Dans les années cinquante, les revues de cinéma abondaient dans les kiosques. Il y avait, bien sûr, les magazines relatant la vie et l’œuvre de nos artistes préférés mais également des films en romans-photos… On se les repassait jusqu’à l’usure complète. Les copains d’abord, comme aurait dit Brassens et à propos de Georges, à noter le film « Porte des lilas », d’après un roman de René Fallet « La grande ceinture » où, il est évident qu’il n’est pas très à l’aise.
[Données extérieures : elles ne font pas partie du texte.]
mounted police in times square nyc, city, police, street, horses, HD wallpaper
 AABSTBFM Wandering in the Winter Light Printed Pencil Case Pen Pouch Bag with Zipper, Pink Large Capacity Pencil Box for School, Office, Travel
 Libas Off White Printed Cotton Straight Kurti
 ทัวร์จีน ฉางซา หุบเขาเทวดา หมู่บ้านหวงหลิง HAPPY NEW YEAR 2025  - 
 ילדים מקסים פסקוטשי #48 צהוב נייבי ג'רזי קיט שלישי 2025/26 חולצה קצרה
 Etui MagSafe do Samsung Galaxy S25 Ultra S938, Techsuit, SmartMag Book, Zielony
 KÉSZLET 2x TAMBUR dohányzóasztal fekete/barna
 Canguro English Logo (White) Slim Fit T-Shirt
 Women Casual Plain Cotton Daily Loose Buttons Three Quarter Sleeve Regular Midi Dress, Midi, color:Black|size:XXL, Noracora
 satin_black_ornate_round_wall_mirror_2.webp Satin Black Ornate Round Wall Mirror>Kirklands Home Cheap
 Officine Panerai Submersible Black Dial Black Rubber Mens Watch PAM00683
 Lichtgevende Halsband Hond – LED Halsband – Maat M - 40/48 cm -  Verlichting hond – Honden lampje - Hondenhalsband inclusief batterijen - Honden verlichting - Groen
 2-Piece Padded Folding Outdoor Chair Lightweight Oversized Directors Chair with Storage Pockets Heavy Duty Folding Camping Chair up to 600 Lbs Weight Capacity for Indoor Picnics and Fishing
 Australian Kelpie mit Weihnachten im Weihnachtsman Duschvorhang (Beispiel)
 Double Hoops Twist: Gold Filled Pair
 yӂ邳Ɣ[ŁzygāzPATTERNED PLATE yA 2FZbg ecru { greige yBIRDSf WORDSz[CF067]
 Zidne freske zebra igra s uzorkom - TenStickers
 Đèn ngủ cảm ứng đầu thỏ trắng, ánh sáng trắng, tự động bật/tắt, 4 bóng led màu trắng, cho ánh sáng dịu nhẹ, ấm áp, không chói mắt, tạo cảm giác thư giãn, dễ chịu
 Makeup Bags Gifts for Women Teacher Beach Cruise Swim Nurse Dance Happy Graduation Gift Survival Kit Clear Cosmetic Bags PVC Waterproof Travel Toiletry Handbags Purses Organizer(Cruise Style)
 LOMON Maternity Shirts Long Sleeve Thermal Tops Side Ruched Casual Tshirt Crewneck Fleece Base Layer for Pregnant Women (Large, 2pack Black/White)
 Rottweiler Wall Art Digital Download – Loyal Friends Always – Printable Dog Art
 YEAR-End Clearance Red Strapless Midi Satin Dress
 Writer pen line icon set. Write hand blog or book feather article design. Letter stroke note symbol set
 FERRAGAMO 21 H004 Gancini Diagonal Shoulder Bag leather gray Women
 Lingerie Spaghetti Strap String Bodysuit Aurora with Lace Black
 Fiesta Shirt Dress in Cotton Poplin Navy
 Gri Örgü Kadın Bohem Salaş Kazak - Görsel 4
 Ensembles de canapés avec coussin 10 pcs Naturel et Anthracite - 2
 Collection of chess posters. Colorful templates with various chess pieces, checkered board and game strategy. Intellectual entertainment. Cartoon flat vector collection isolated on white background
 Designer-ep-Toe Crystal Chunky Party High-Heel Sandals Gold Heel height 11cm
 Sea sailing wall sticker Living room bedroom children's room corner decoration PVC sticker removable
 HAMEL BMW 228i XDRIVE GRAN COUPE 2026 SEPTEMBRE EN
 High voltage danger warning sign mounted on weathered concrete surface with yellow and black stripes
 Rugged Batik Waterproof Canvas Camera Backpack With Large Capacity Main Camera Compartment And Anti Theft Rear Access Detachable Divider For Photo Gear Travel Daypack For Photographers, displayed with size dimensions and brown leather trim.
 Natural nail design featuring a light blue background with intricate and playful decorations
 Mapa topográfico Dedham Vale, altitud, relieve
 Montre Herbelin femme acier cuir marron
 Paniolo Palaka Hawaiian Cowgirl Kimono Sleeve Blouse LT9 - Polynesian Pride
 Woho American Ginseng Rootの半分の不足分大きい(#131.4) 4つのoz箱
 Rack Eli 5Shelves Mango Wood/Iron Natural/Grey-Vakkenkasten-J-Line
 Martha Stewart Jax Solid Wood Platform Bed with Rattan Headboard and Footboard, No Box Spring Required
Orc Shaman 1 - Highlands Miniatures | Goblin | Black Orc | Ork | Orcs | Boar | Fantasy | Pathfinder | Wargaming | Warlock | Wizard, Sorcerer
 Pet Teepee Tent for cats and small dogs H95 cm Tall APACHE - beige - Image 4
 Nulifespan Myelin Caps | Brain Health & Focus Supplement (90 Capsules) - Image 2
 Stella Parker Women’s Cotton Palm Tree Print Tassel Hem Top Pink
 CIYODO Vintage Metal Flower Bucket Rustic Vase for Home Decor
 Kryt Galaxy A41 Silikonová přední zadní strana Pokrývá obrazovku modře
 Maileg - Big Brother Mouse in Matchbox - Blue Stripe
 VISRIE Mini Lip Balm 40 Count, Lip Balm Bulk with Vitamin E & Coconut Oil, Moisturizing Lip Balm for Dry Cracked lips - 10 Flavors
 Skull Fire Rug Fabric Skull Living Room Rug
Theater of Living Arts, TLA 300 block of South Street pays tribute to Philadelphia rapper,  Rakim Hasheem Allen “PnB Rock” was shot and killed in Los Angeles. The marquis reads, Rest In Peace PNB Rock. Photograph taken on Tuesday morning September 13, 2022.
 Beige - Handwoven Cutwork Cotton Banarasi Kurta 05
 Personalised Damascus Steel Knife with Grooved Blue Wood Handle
Il n’a d’ailleurs pas récidivé.

L’actrice fétiche de ma jeunesse, c’était Greta Garbo et particulièrement dans le film : « La courtisane » de Robert Z. Leonard, de 1931 dont le titre original est "Suzan Lenox". Le couple maudit Garbo/Clark Gable, c’était autre chose que du Bergman. Même si l’on risque de s’endormir à tout moment, Bergman reste cependant un esthète dans son domaine. Je pense précisément à « Cris et chuchotements » un film de 1972 avec Liv Ullmann et Ingrid Thulin. Ambiance feutrée et glauque d’une décadence annoncée.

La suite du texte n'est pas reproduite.